-- Instructions to follow --
I would like the line with "Intraday Aha Knowledge" and every line after it, down to the end of the entries below, output exactly and without pictures.

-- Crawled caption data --
-- Opening Marker --
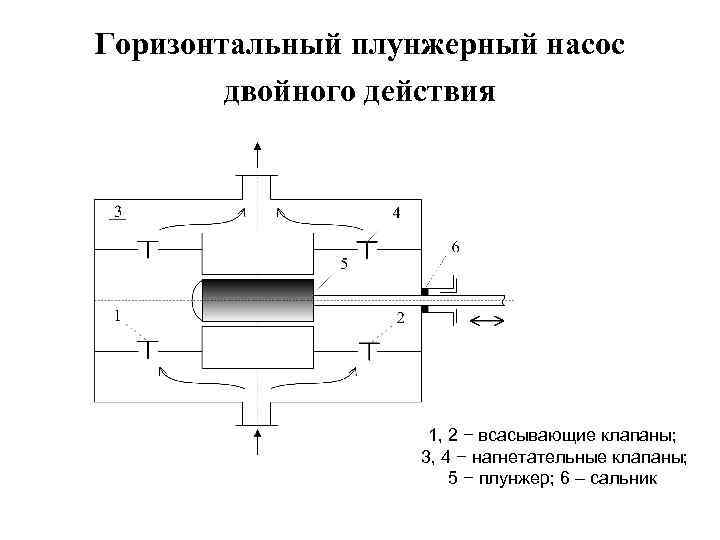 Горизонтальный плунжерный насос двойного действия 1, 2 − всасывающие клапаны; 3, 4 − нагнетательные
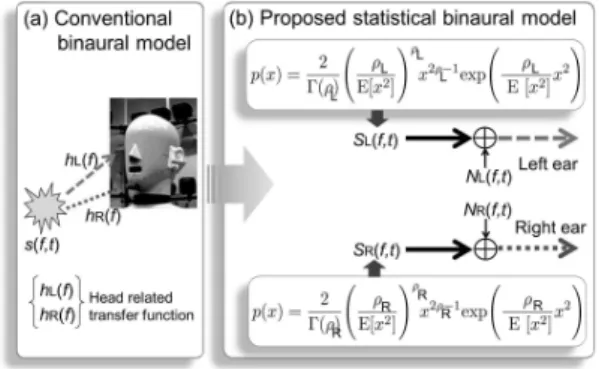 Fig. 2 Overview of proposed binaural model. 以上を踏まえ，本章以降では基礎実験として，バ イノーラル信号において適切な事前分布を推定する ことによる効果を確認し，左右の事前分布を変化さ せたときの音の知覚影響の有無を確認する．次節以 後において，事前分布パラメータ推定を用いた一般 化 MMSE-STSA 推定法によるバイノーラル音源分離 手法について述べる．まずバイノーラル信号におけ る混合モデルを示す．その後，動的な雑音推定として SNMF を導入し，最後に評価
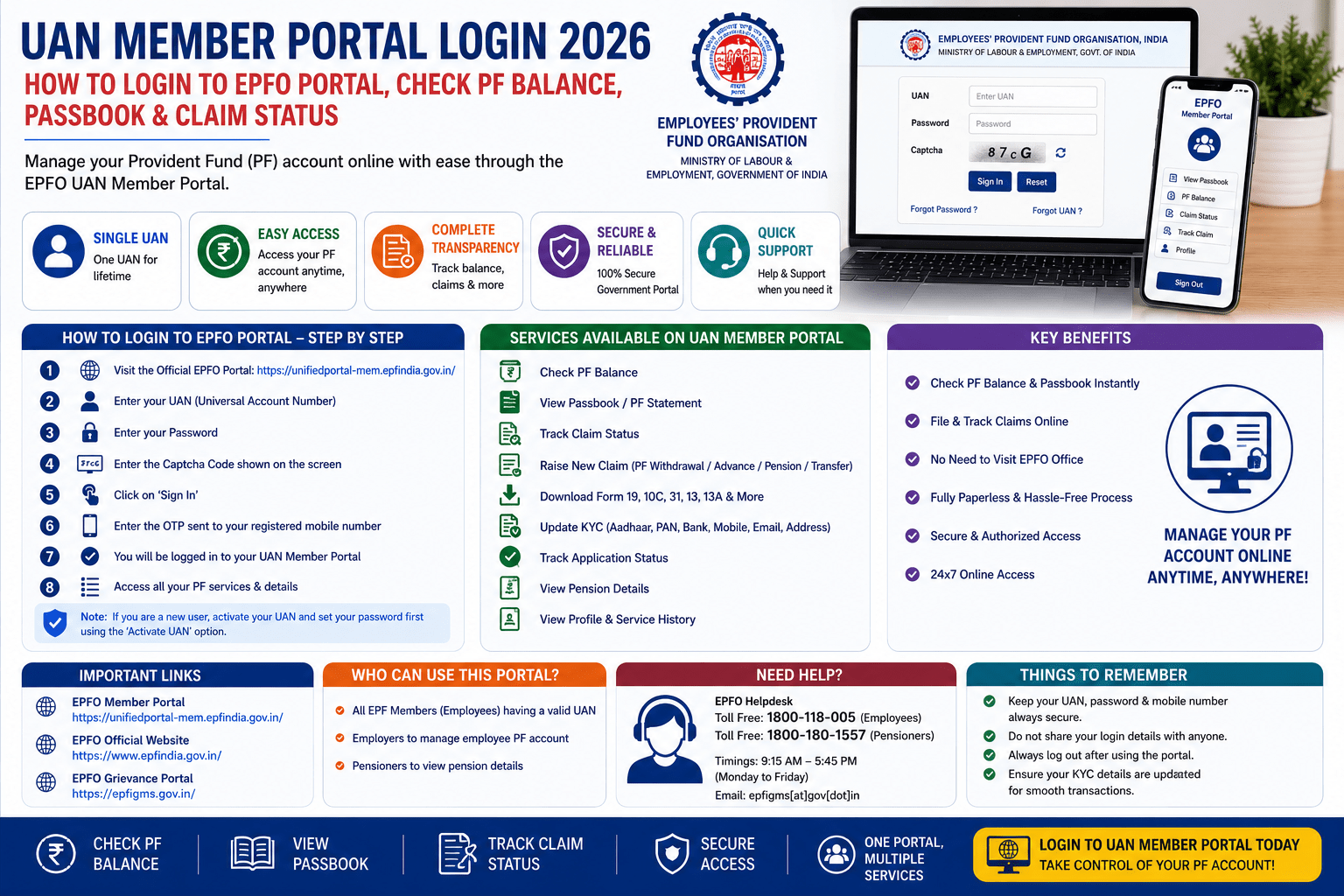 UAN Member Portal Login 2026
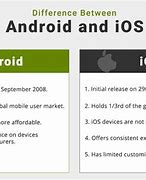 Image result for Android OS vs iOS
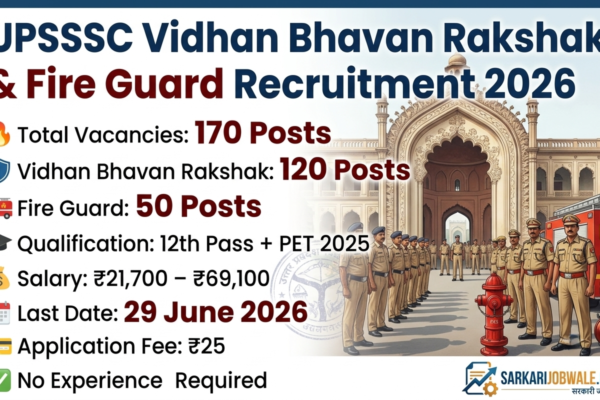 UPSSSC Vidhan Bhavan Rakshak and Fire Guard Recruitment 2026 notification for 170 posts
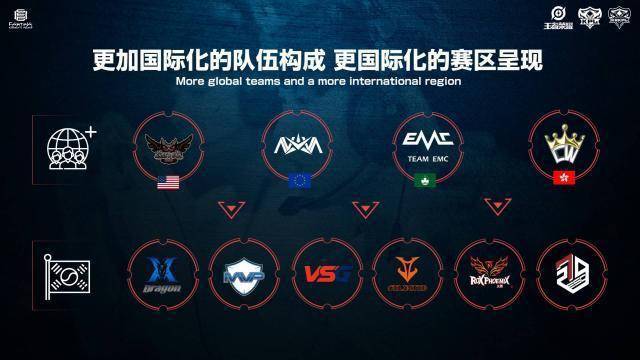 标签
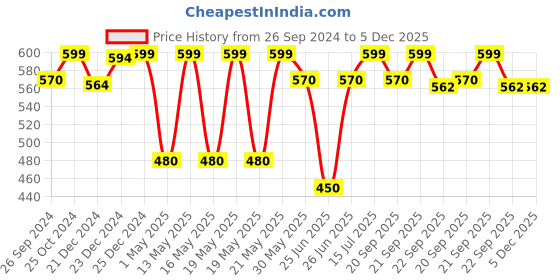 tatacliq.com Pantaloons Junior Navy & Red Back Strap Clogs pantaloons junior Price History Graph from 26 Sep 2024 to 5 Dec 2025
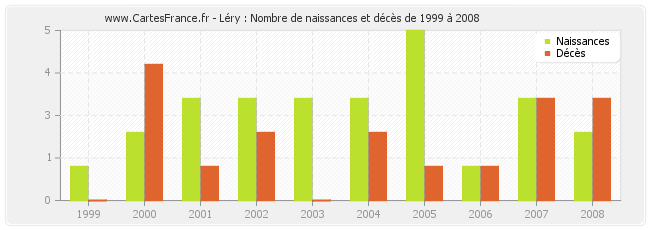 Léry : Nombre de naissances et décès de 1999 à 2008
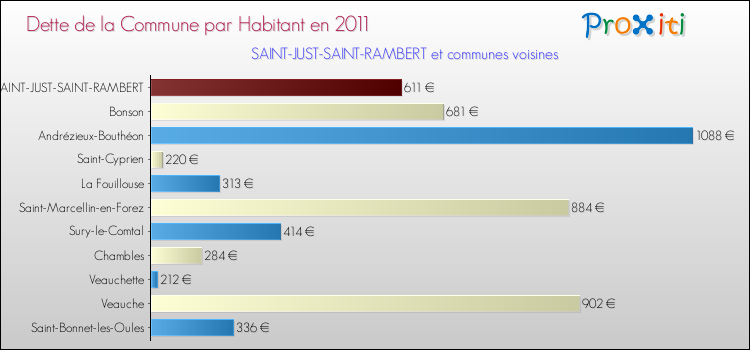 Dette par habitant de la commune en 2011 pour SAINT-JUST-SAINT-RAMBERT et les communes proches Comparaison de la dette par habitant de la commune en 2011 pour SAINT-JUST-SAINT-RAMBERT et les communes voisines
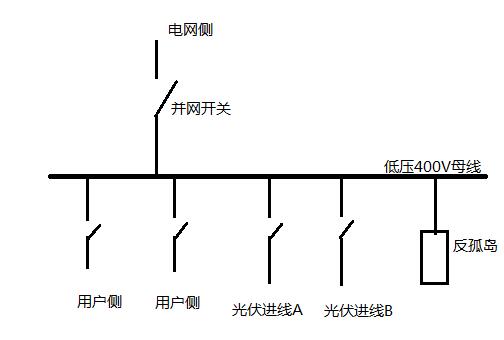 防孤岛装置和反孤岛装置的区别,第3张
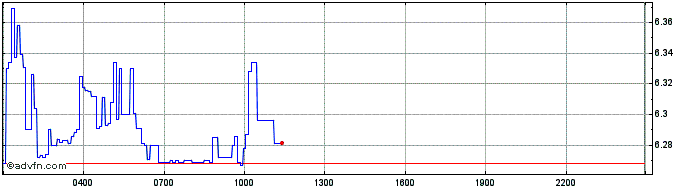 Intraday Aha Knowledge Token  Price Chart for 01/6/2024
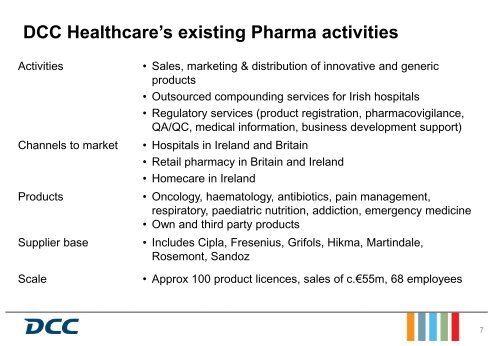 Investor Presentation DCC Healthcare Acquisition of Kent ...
-- Closing Marker --
-- Your response --
 Intraday Aha Knowledge Token  Price Chart for 01/6/2024
 Investor Presentation DCC Healthcare Acquisition of Kent ...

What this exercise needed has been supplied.